Would something like that work? I could start a fork to refactor some things on our side. Basically just moving some code blocks around to get them in their own classes. That way we could keep all of our EPD and timer code separate.

txoof commented 2 years ago

Your proposed approach sounds pretty reasonable. Ideally PaperPi just asks for the next active frame based on its internal logic and SlowMovie generates either a path or a PIL object. PaperPi can work with either.

I think there are two interesting ways to approach this:

  1. SlowMovie runs as a daemon and generates images bases on its config and then makes the "current" frame available either in a specific path or via a method call. SlowMovie doesn't display anything on its own, but leaves that up to PaperPi. PaperPi plugin asks for the "current" image and displays it.
    • This means PaperaPi could show the same image multiple times for 5-10 minutes (or whatever). This feels in the original spirit of the SlowMovie project
    • It's also likely that some frames will be skipped all together in some circumstances such as if you are listening to music and the Spotify plugin has taken over the display.
  2. SlowMovie runs only when called from the plugin and pulls frame N as specified by the plugin. The plugin keeps track of the current frame internally.
    • The plugin could be configured to pull frames at a specific rate, say once every refresh, every minute, 10, etc.
    • I'm not sure how it will keep track of the frame number between restarts, but that's tomorrow Aaron's problem.

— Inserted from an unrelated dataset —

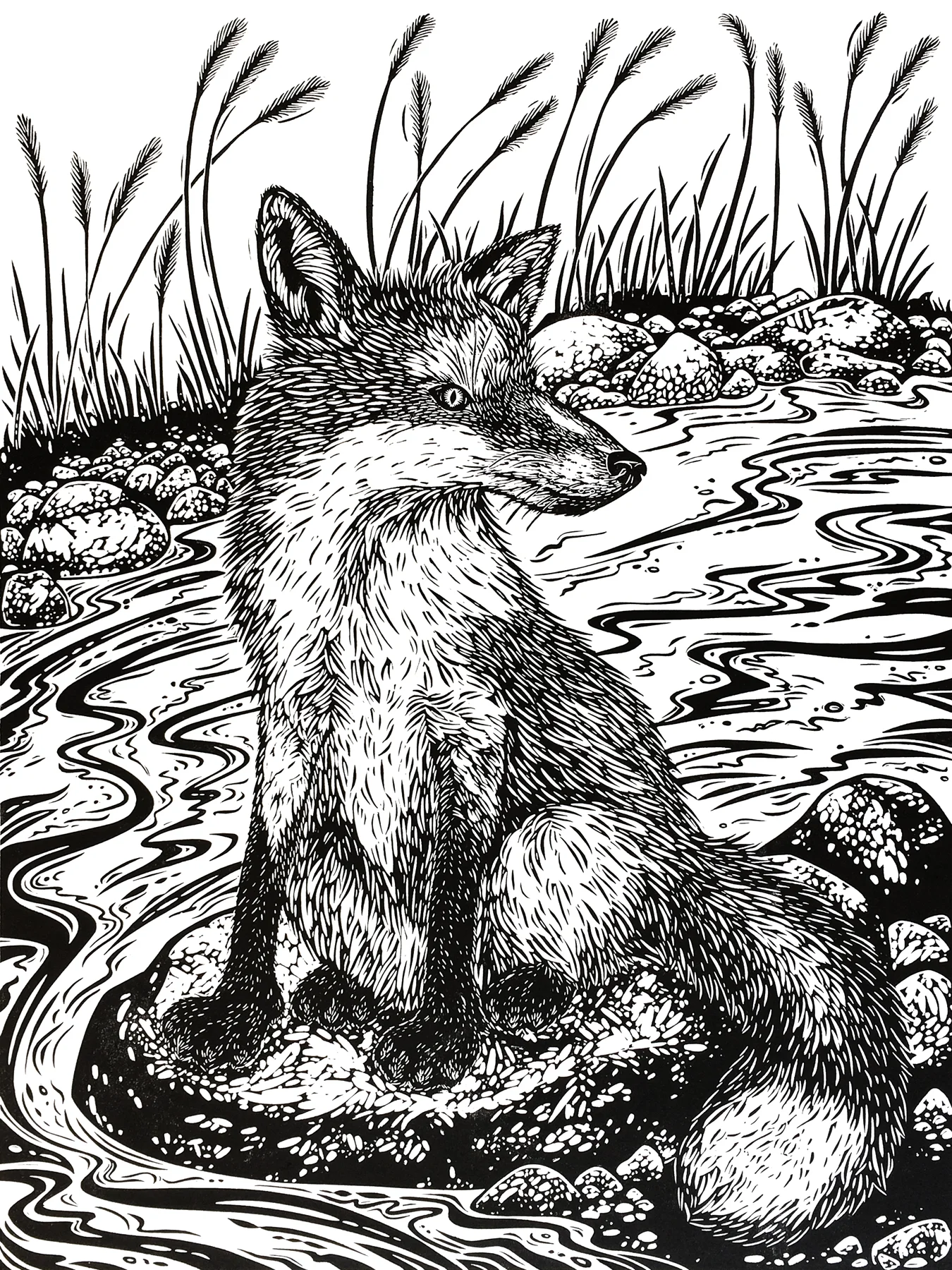 Jill Bergman Red Fox linocut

Which one sounds most logical or in the spirit of the project to you?

I'm a little concerned with how to integrate SlowMivie as an import. I just started to learn about appending to the module search paths, but I don't quite have a handle on that yet.

robweber commented 2 years ago

If you want SlowMovie to just sort of chug away on it's own a simple solution might just be to run it with the omni_epd.mock device driver. This is a virtual driver that sends nothing to the display, but instead writes an image to a file instead. You could setup SlowMovie to run as normal, but using that fake device for output. The PaperPi plugin could just have an option for specifying the path to that file.

The only downside to this approach would be that control of SlowMovie functions (video selection, frame updates, etc) would all have to happen outside of your PaperPi install. You wouldn't be able to pass anything on from your plugin to SlowMovie itself. Since SlowMovie does allow configuration via a .conf type file though it would be simple for users to setup. It would involve basically no changes on our end though, you could get this going immediately.

Here is a link to the driver specific options for the EPD control. The options for the mock device are listed.

txoof commented 2 years ago

That's a pretty great place to start. Let me hack out proof of concept using that option first and see how it turns out. This option would obviously be the lowest overhead for you all. Using this solution, some frames will likely get skipped, but I don't think users will "feel" the missed frames unless the rate is unreasonably fast for the movie.

robweber commented 2 years ago

Great, glad this will get you started.

I definitely agree this could result in some frames not displaying but the end user will have to play with that. If they set SlowMovie to update every 30 seconds but PaperPi is switching plugins every 2 min, as an example, they're going to miss something. On the other hand most people probably miss many frames as it's meant to show the video slowly over time, you're probably not looking every time it updates.